#### [PROBLEM TO SOLVE]
Some of the lines below need repeating. Reproduce exactly those between the lines holding "路边的徒步女孩抓车，搭便车，冒险，独立旅行。" and "Taucher in Trockentauchanzug", inclusive.

#### [RECORDS SHOWN]
◇ ◇ ◇

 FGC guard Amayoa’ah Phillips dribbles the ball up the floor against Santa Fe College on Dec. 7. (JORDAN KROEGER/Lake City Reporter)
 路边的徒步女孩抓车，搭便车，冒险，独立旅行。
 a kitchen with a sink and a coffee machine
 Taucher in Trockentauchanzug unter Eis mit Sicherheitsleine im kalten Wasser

◇ ◇ ◇

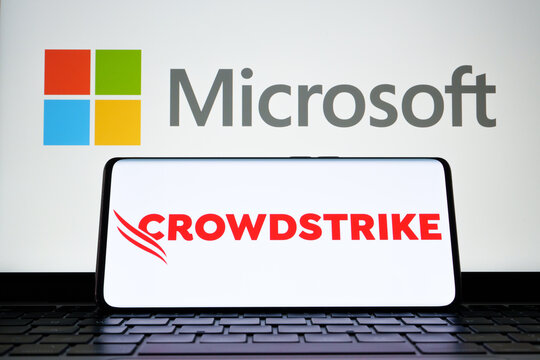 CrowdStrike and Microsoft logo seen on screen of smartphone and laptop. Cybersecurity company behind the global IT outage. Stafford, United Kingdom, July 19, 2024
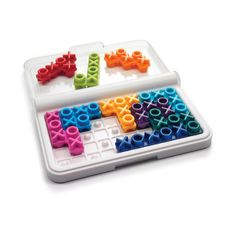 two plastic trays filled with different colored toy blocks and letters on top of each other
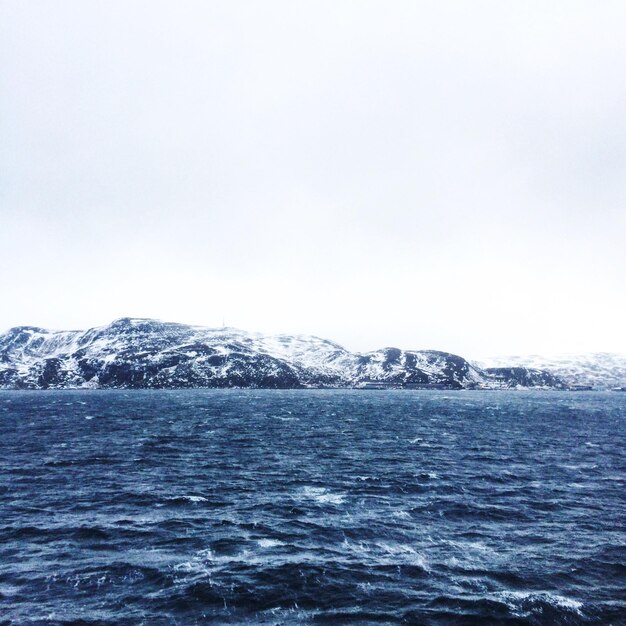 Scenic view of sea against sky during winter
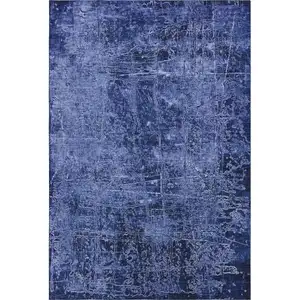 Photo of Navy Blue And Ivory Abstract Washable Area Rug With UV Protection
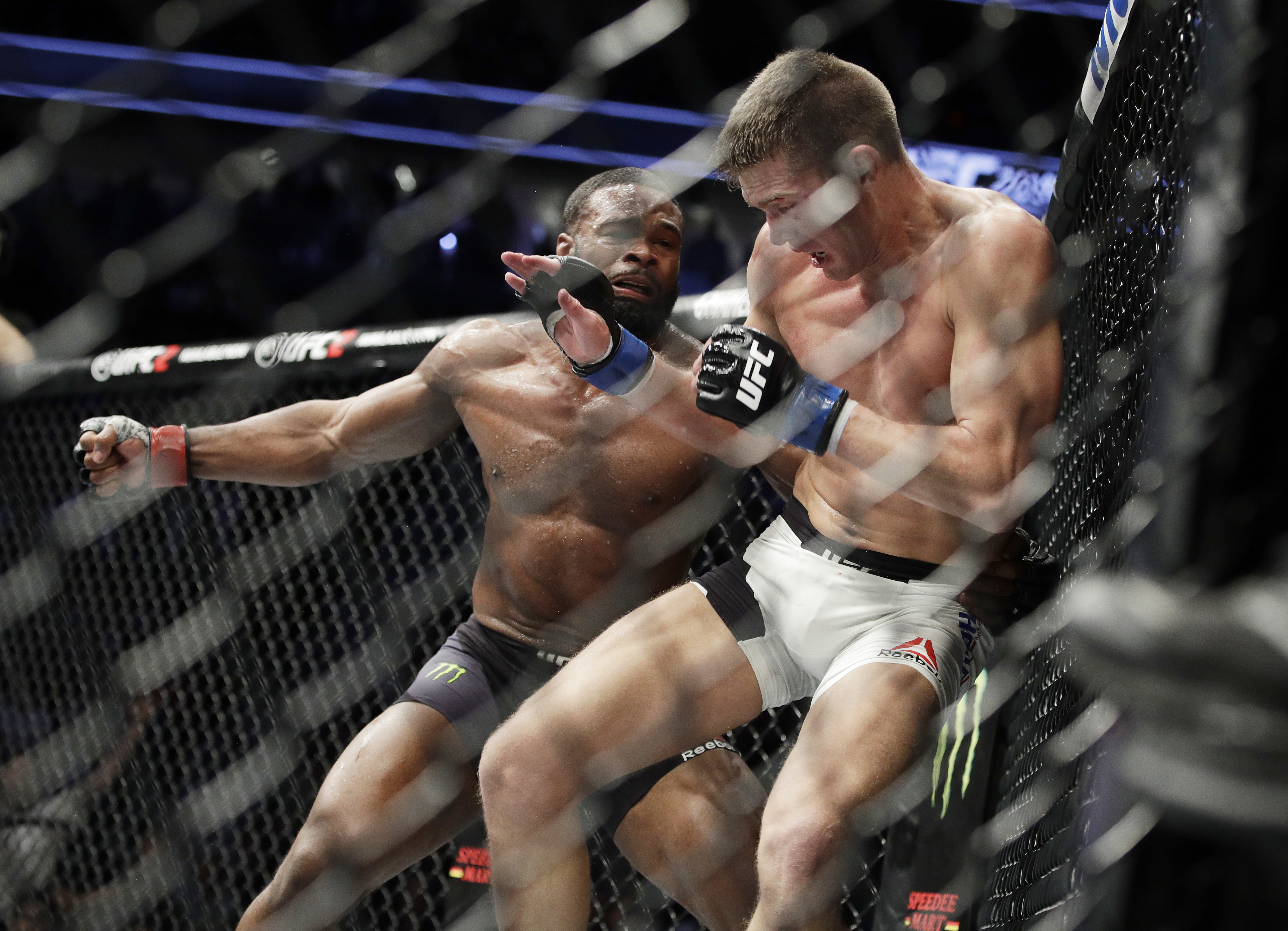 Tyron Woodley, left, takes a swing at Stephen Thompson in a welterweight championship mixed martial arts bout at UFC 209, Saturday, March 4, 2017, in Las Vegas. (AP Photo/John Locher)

◇ ◇ ◇

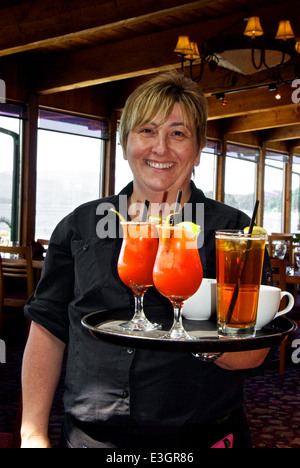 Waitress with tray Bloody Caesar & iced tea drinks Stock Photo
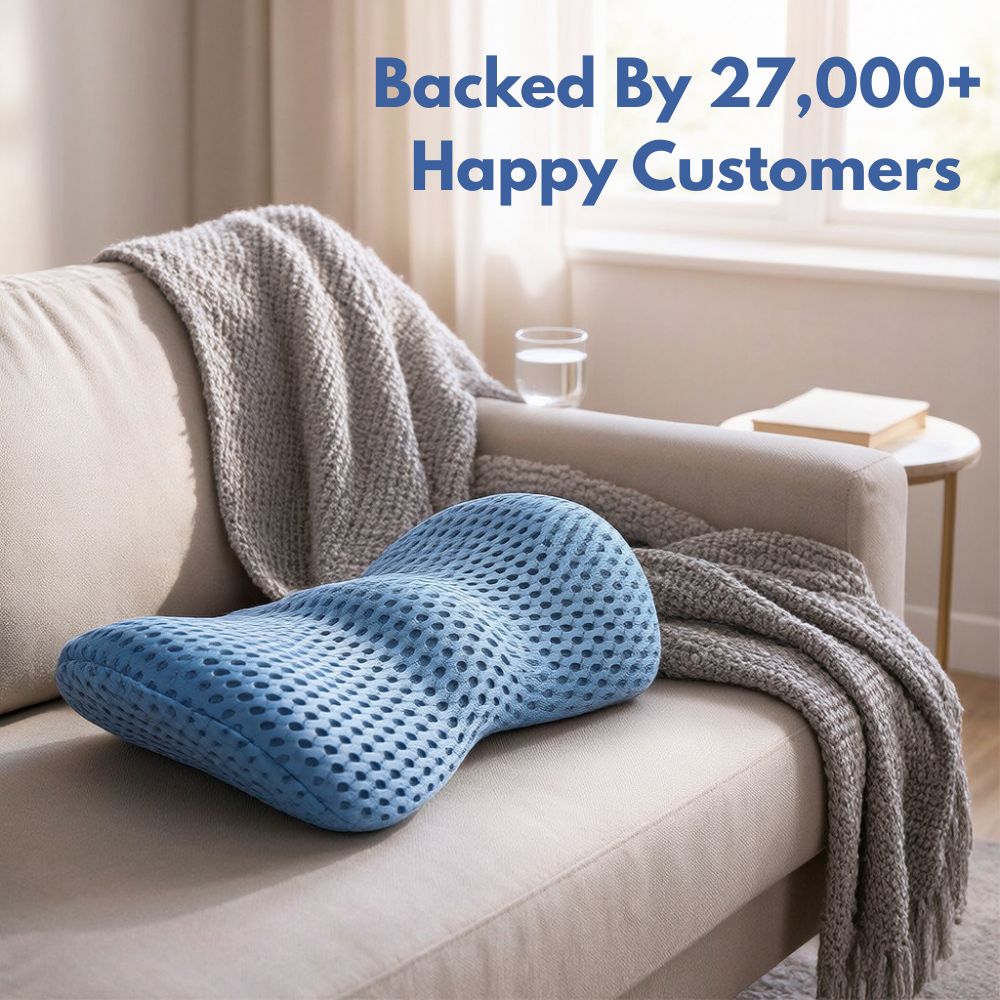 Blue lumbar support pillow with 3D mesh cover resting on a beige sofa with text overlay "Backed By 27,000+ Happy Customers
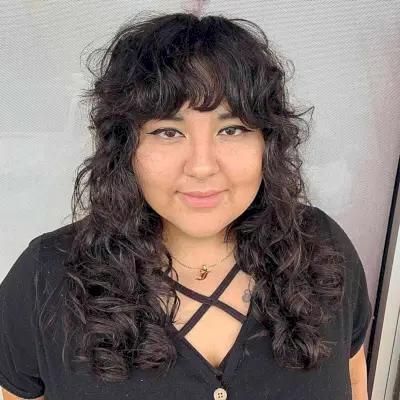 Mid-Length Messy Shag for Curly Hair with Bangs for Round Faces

◇ ◇ ◇

#### [RESULT OF THIS TASK]
 路边的徒步女孩抓车，搭便车，冒险，独立旅行。
 a kitchen with a sink and a coffee machine
 Taucher in Trockentauchanzug unter Eis mit Sicherheitsleine im kalten Wasser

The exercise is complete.